The report, 'Surface Temperature Reconstructions for the last 2,000 Years', was requested by the US Congress following controversy over an earlier piece of research by climatologist Michael Mann. Mr Mann and his colleagues concluded that the high temperatures recorded in the late 20th century were unprecedented in the last thousand years. Their graph showing a sharp rise in temperatures after a long period of relative stability became known as the 'hockey stick'.
Records of temperatures based on measurements by instruments only go back around 150 years, meaning climatologists have to use proxies to estimate temperatures from before this time. Proxies used include evidence from tree rings, retreating glaciers, corals, ocean and lake sediments, ice cores, and documentary sources such as old drawings of glaciers.
The Committee that wrote the report found that there was sufficient evidence from proxies to say that the last few decades of the 20th century were warmer than any comparable period in the last 400 years. They also note that the proxy data accurately reflects the 0.6 degrees Celsius warming recorded by instruments over the last century.
However, proxy data from before 1600 is relatively scarce, especially in the southern hemisphere. For this reason, the Committee agreed that while Mr Mann's conclusion about the temperatures in the period before 1600 are plausible, they cannot currently be confirmed with great certainty.
On the question of whether global warming is influenced by human activities, the report underlines the fact that surface temperature reconstructions for periods before the Industrial Revolution are only one of many lines of evidence supporting the conclusion that current warming is occurring in response to human activities, and they are not the primary evidence.
The Chair of the Committee is Gerald R North of Texas A&M University.
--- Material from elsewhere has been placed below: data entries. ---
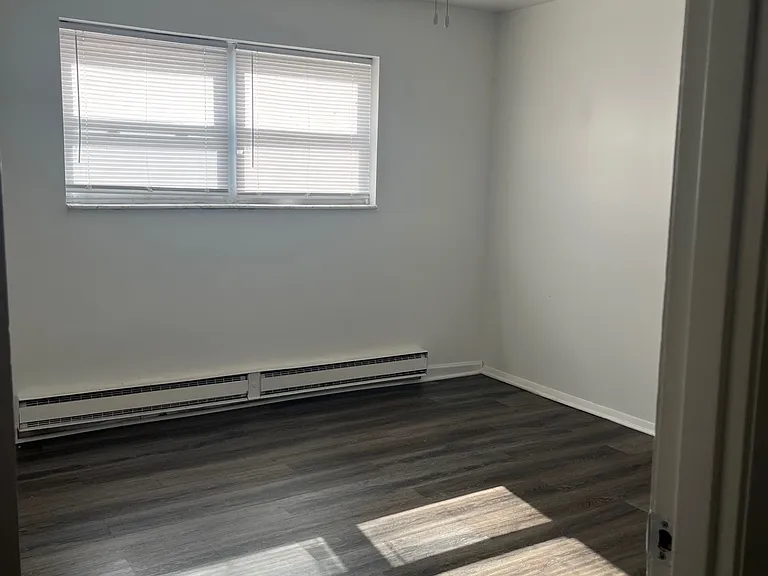 499 Ivy Ln #15 — Photo 4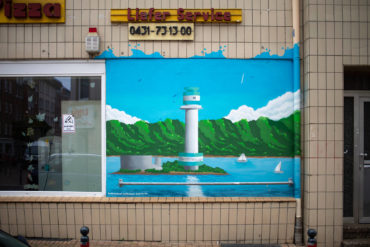 Farbverlauf Graffiti: Fassadengestaltung (Foto: KUNST@SH/Jan Petersen, 2019)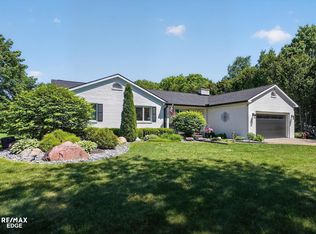 2331 Valley Vista Dr, Davison, MI 48423
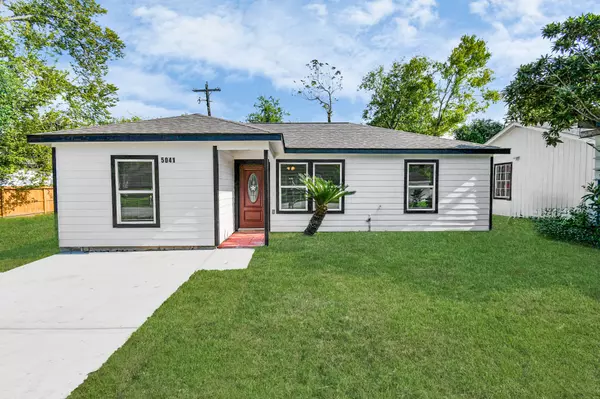 Houston, TX 77033,5041 Southwind ST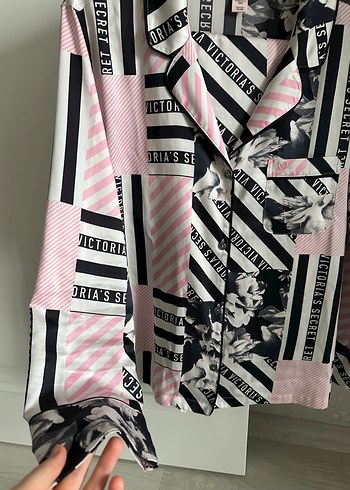 Victoria's Secret Baskılı Uzun Kollu Kadın Pijama takımı - Görsel 2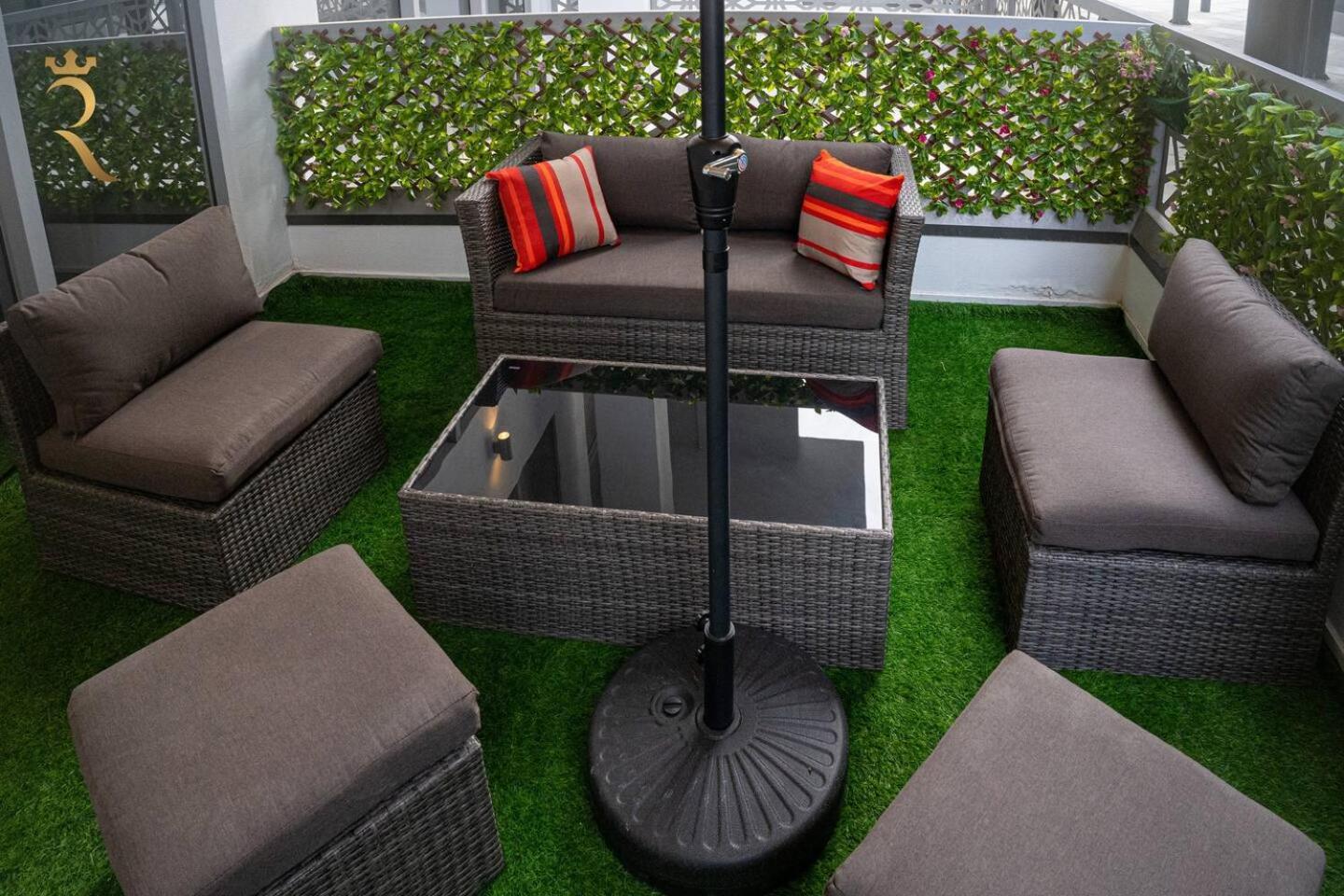 Blackforest 2br Duplex At Masdar *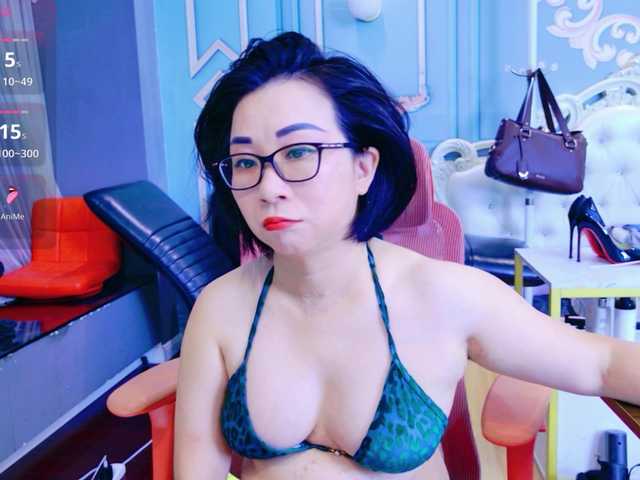LucianaMeca live cam on BongaCams
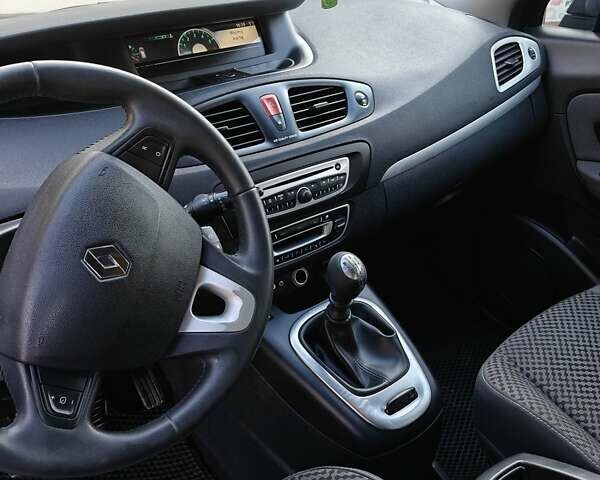 Черный Рено Гранд Сценик, объемом двигателя 1.5 л и пробегом 292 тыс. км за 5999 $, фото 49 на Automoto.ua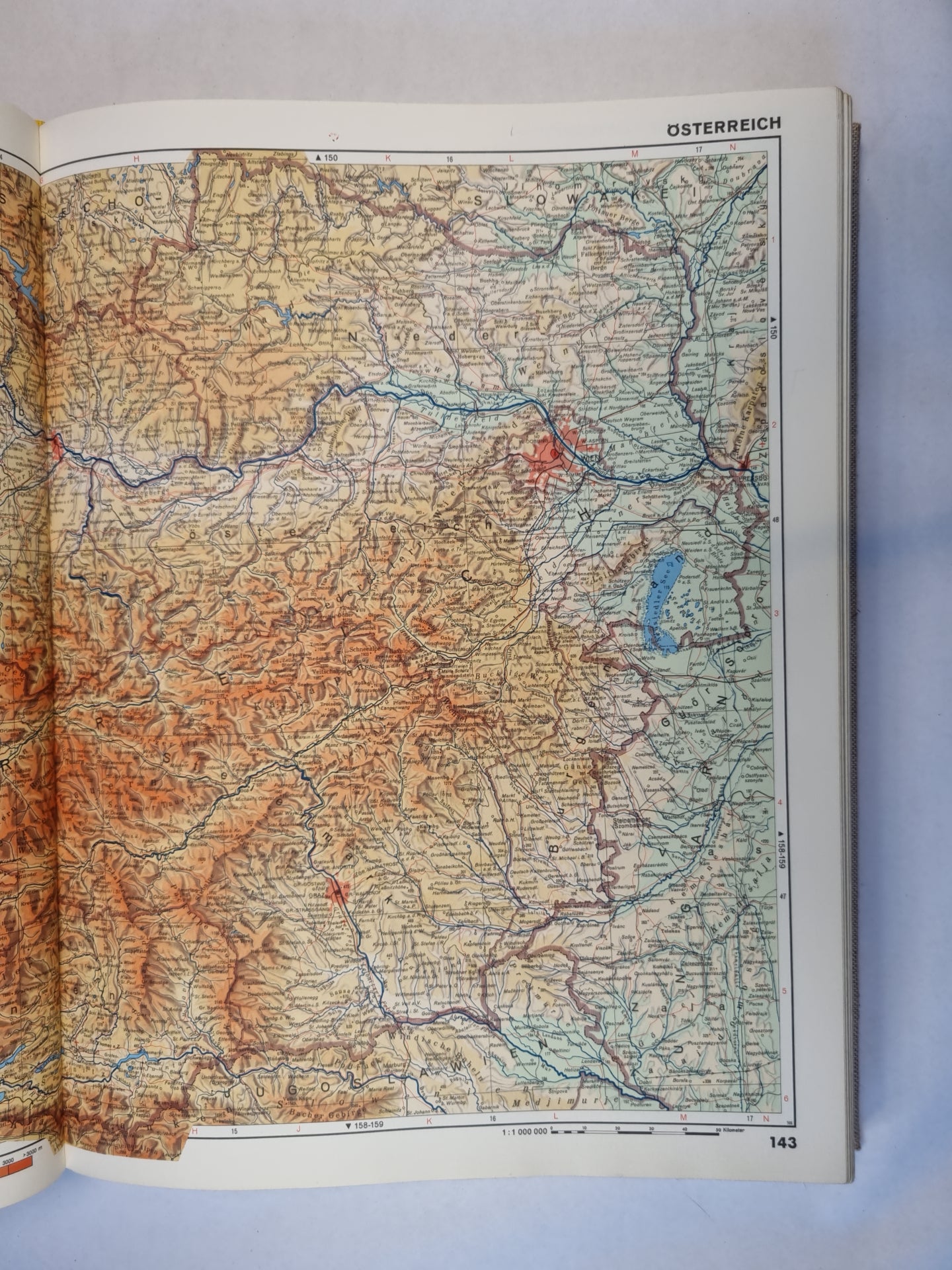 Der grosse universal atlas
Presenting the report, he called for greater access to datasets, to help further future research. 'Peers should have access to the information needed to reproduce published results, so that increased confidence in the outcome of the study can be generated inside and outside the scientific community,' he said. 'Paleoclimate research would benefit if individual researchers, professional societies, journal editors, and funding agencies continued their efforts to ensure that existing open access practices are followed.'
Meanwhile there was bad news for European efforts to reduce greenhouse gas emissions, as the European Environment Agency (EEA) released the EU's inventory report to the United Nations Framework Convention on Climate Change (UNFCCC). According to the report, greenhouse gas emissions in the EU rose by 18 million tonnes (0.4 per cent) between 2003 and 2004. The sectors with the largest increases were industry and transport. The only countries which actually managed to reduce their greenhouse gas emissions from 2003 to 2004 were Germany, Denmark and Finland.